Re: Page allocator bottleneck

Tariq Toukan <tariqt@xxxxxxxxxxxx> · Sun, 17 Sep 2017 19:16:15 +0300

On 15/09/2017 10:28 AM, Jesper Dangaard Brouer wrote:
On Thu, 14 Sep 2017 19:49:31 +0300
Tariq Toukan <tariqt@xxxxxxxxxxxx> wrote:

Hi all,

As part of the efforts to support increasing next-generation NIC speeds,
I am investigating SW bottlenecks in network stack receive flow.

Here I share some numbers I got for a simple experiment, in which I
simulate the page allocation rate needed in 200Gpbs NICs.

Thanks for bringing this up again.

Sure. We need to keep up with the increasing NIC speeds.

I ran the test below over 3 different (modified) mlx5 driver versions,
loaded on server side (RX):
1) RX page cache disabled, 2 packets per page.

2 packets per page basically reduce the overhead you see from the page
allocator to half.

2) RX page cache disabled, one packet per page.

This, should stress the page allocator.

3) Huge RX page cache, one packet per page.

A driver level page-cache will look nice, as long as it "works".

I verified that it worked in the experiment.

Drivers usually have no other option than basing their recycle facility
to be based on the page-refcnt (as there is no destructor callback).
Which implies packets/pages need to be returned quickly enough for it
to work.

Yes, that's how our current default (small) RX page-cache is 
implemented. Unfortunately, the timing and terms for a fair reuse rate 
are not always satisfied.

All page allocations are of order 0.

NIC: Connectx-5 100 Gbps.
CPU: Intel(R) Xeon(R) CPU E5-2680 v3 @ 2.50GHz

Test:
128 TCP streams (using super_netperf).
Changing num of RX queues.
HW LRO OFF, GRO ON, MTU 1500.

With TCP streams and GRO, is actually a good stress test for the page
allocator (or drivers page-recycle cache). As  Eric Dumazet have made
some nice optimizations, that (in most situations) cause us to quickly
free/recycle the SKB (coming from driver) and store the pages in 1-SKB.
This cause us to hit the SLUB fastpath for the SKBs, but once the pages
need to be free'ed this stress the page allocator more.

Yep, bulking would help here, as you mention below.

Also be aware that with TCP flows, the packets are likely delivered
into a socket, that is consumed on another CPU.  Thus, the pages are
allocated on one CPU and free'ed on another.

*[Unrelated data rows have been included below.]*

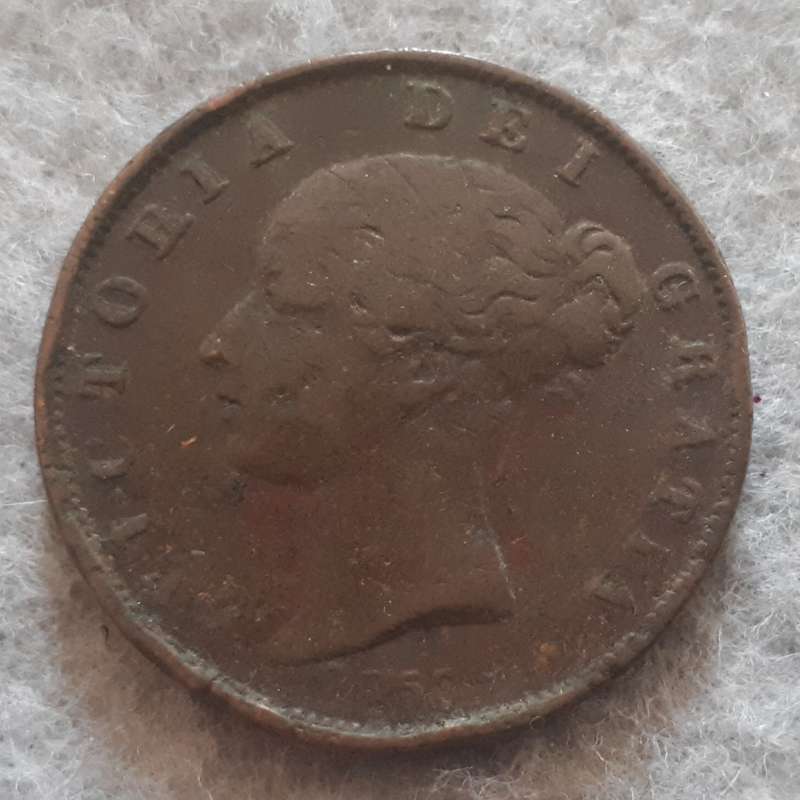 1853  GREAT BRITAIN HALF PENNY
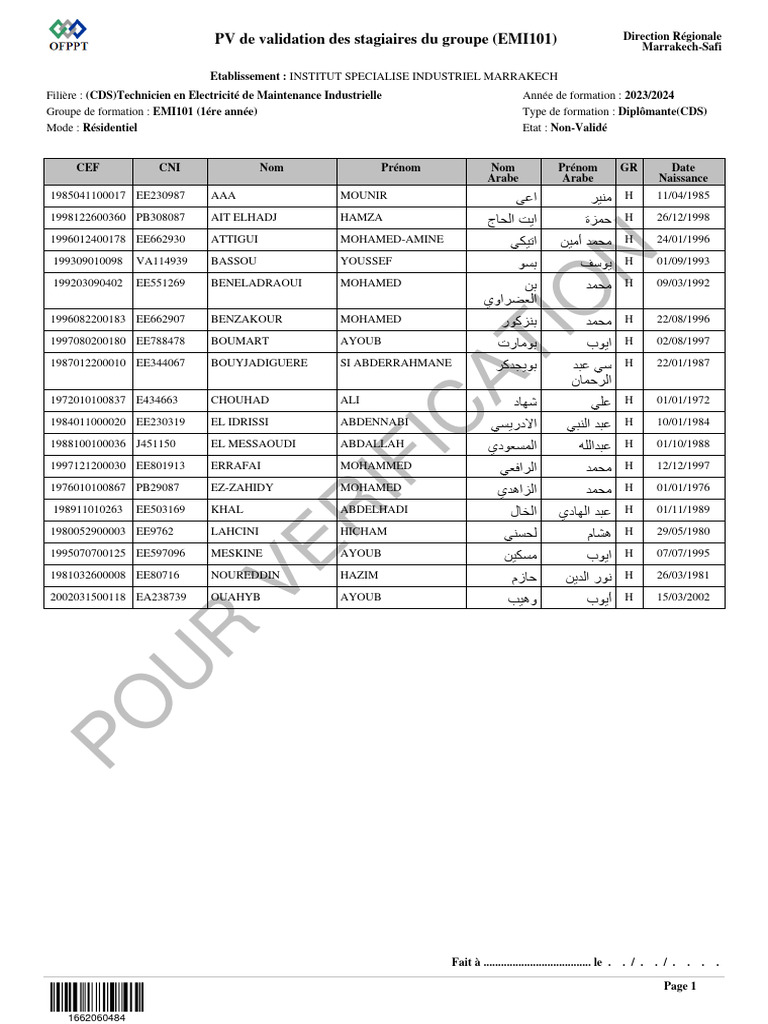 Validation des stagiaires EMI101 | PDF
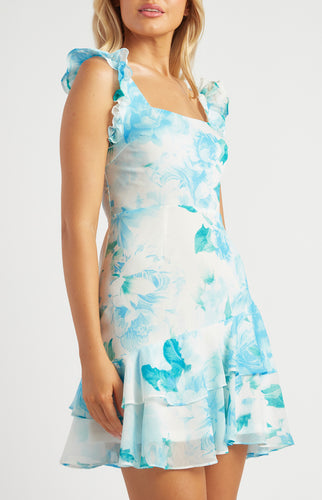Blue Floral Chiffon Mini Dress with Ruffled Strap Detail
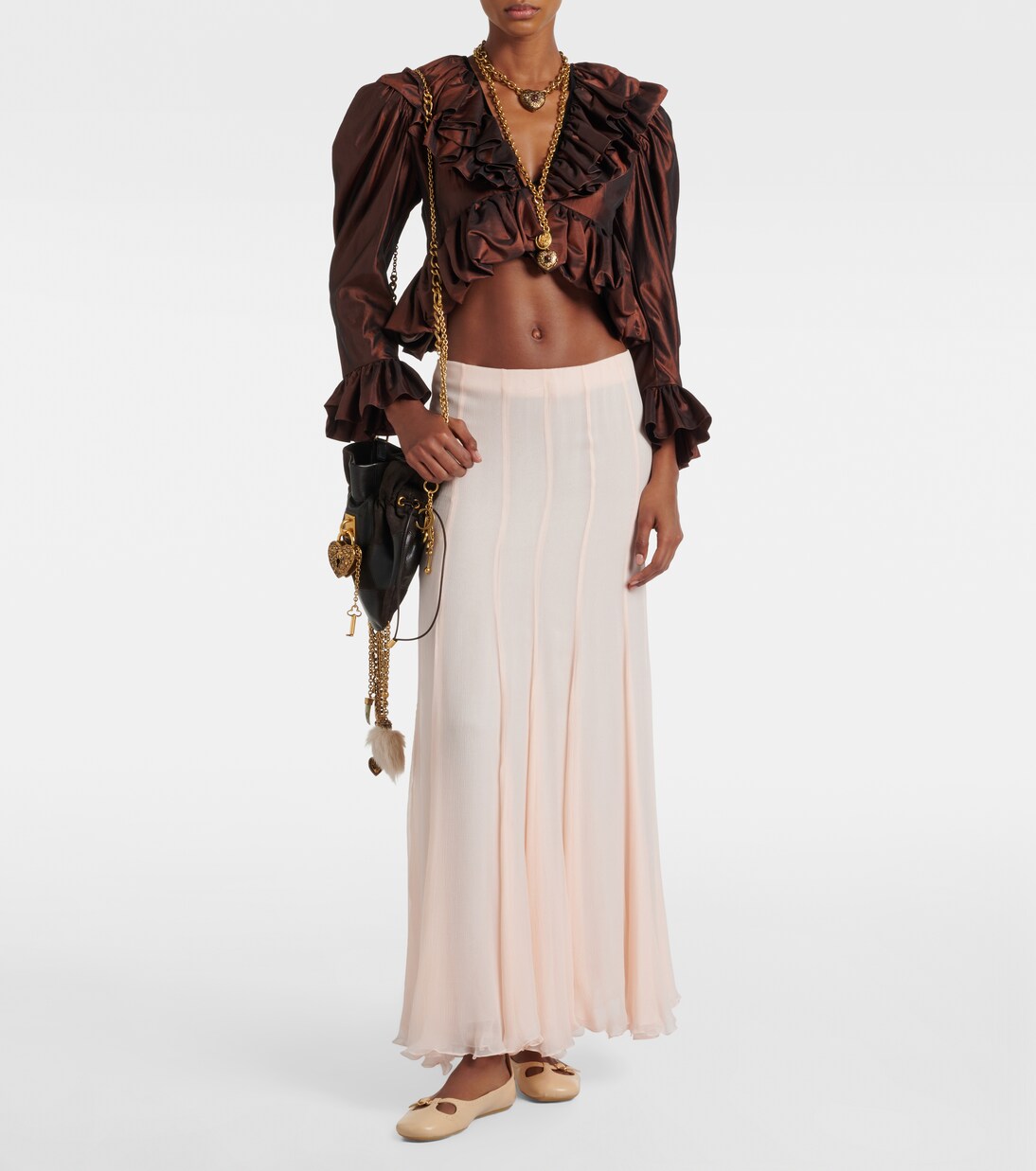 Pleated silk muslin maxi skirt  | Chloé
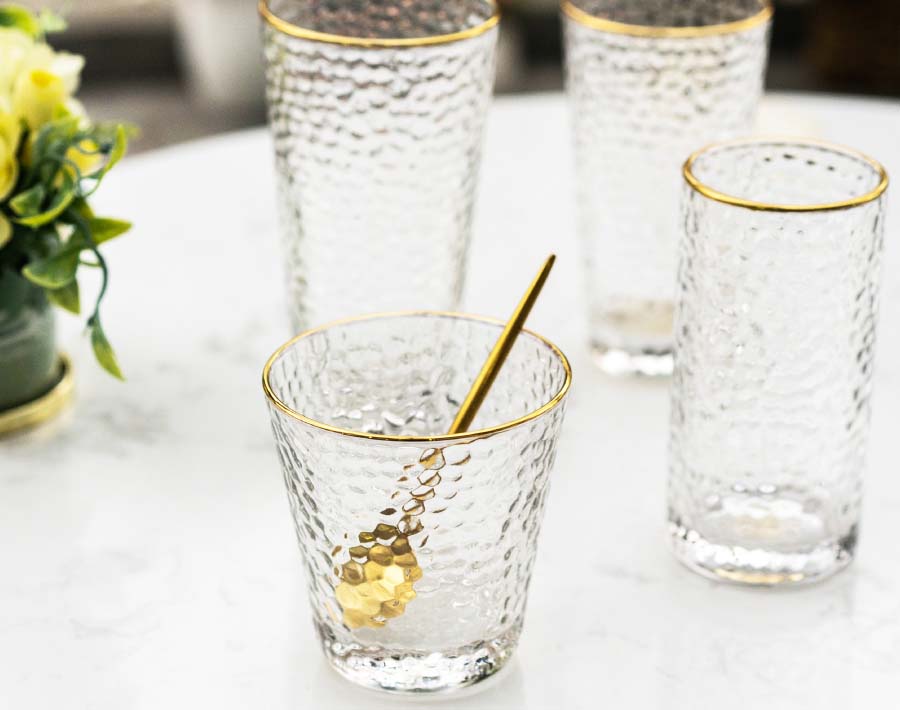 2020 worldwide hot sale multi sizes gold rim glass cups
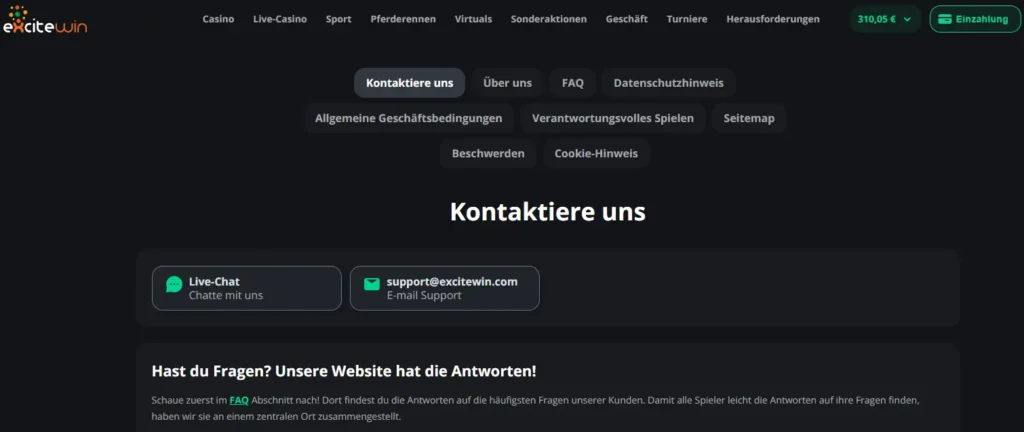 ExciteWin Kundendienst Kontaktoptionen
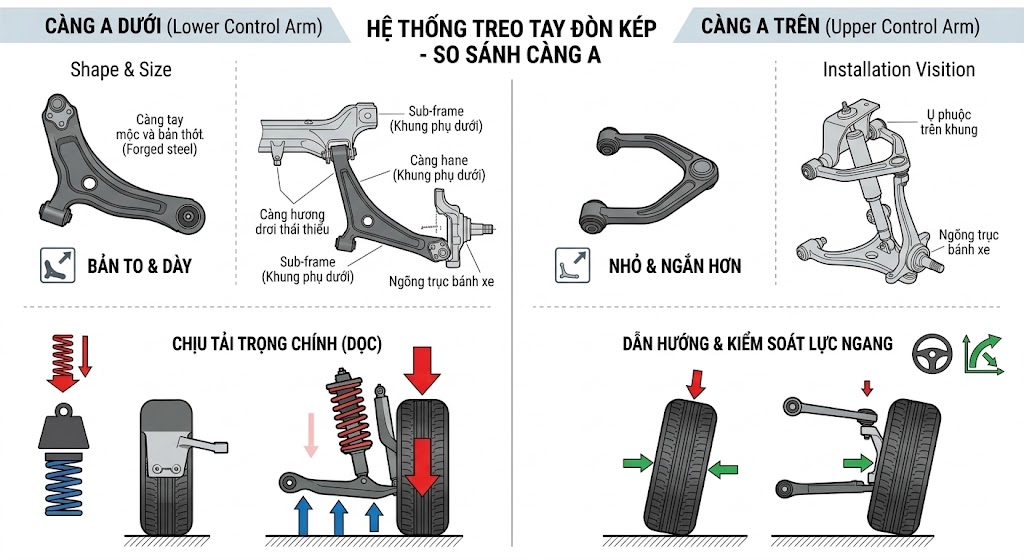Sự kh&aacute;c biệt kỹ thuật giữa C&agrave;ng A tr&ecirc;n v&agrave; C&agrave;ng A dưới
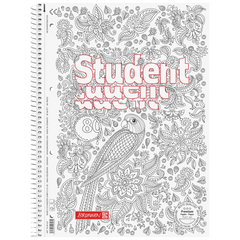 Collegeblock Premium Student „Papagei“ ZENart | A4, Lineatur 27, 80 Blatt, weiß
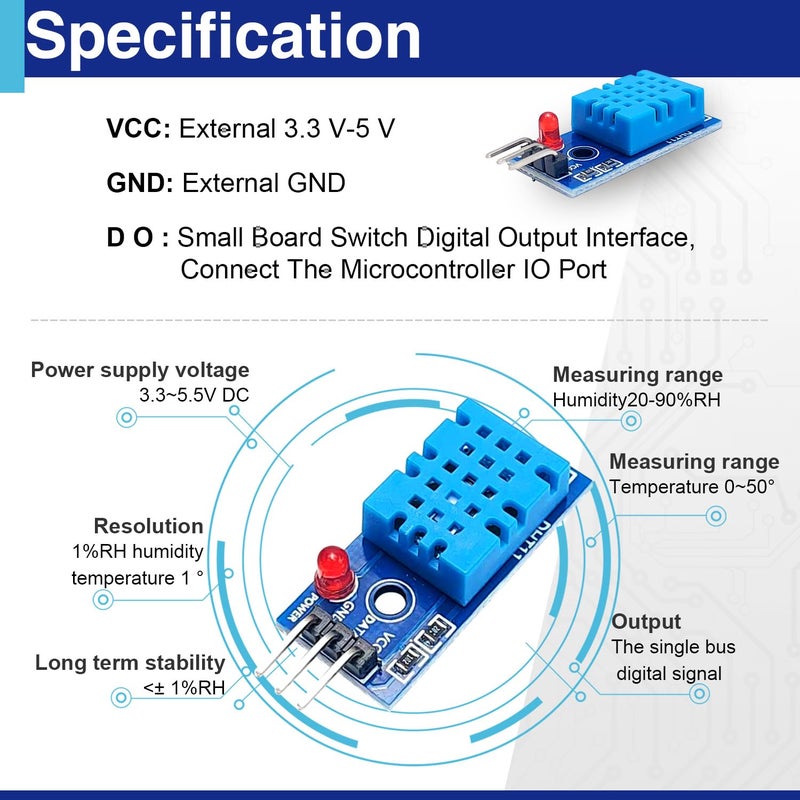 Usdrwam 6 Set Digital Temperature and Humidity Sensor Modules, Compatible with DHT11, 3.3V–5V Sensors for Arduino with Dupont Wires - Image 4
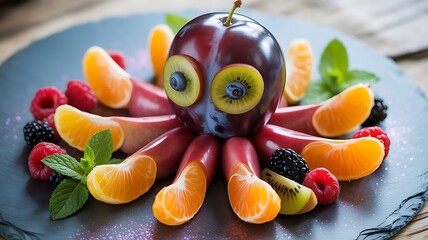 A playful fruit octopus made of plum, mandarin, kiwi, and berries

AFAIK this stress the
order-0 cache PCP (Per-Cpu-Pages).

Good point.
Do you know of any tool/kernel counters that help observe and quantify 
this behavior?

Observe: BW as a function of num RX queues.

Results:

Driver #1:
#rings	BW (Mbps)
1	23,813
2	44,086
3	62,128
4	78,058
6	94,210 (linerate)
8	94,205 (linerate)
12	94,202 (linerate)
16	94,191 (linerate)

Driver #2:
#rings	BW (Mbps)
1	18,835
2	36,716
3	50,521
4	61,746
6	63,637
8	60,299
12	51,048
16	43,337

Driver #3:
#rings	BW (Mbps)
1	19,316
2	44,850
3	69,549
4	87,434
6	94,342 (linerate)
8	94,350 (linerate)
12	94,327 (linerate)
16	94,327 (linerate)

Insights:
Major degradation between #1 and #2, not getting any close to linerate!
Degradation is fixed between #2 and #3.
This is because page allocator cannot stand the higher allocation rate.
In #2, we also see that the addition of rings (cores) reduces BW (!!),
as result of increasing congestion over shared resources.

Congestion in this case is very clear.
When monitored in perf top:
85.58% [kernel] [k] queued_spin_lock_slowpath

Well, we obviously need to know the caller of the spin_lock.  In this
case it is likely the page allocator lock.  It could also be the TCP
socket locks, but given GRO is enabled, they should be hit much less.

It is the page allocator lock.
I verified this based on Andi's suggestion, see other mail.

It's nice to have the option to dynamically play with the parameter.
But maybe we should also think of changing the default fraction 
guaranteed to the PCP, so that unaware admins of networking servers 
would also benefit.

I think that page allocator issues should be discussed separately:
1) Rate: Increase the allocation rate on a single core.
2) Scalability: Reduce congestion and sync overhead between cores.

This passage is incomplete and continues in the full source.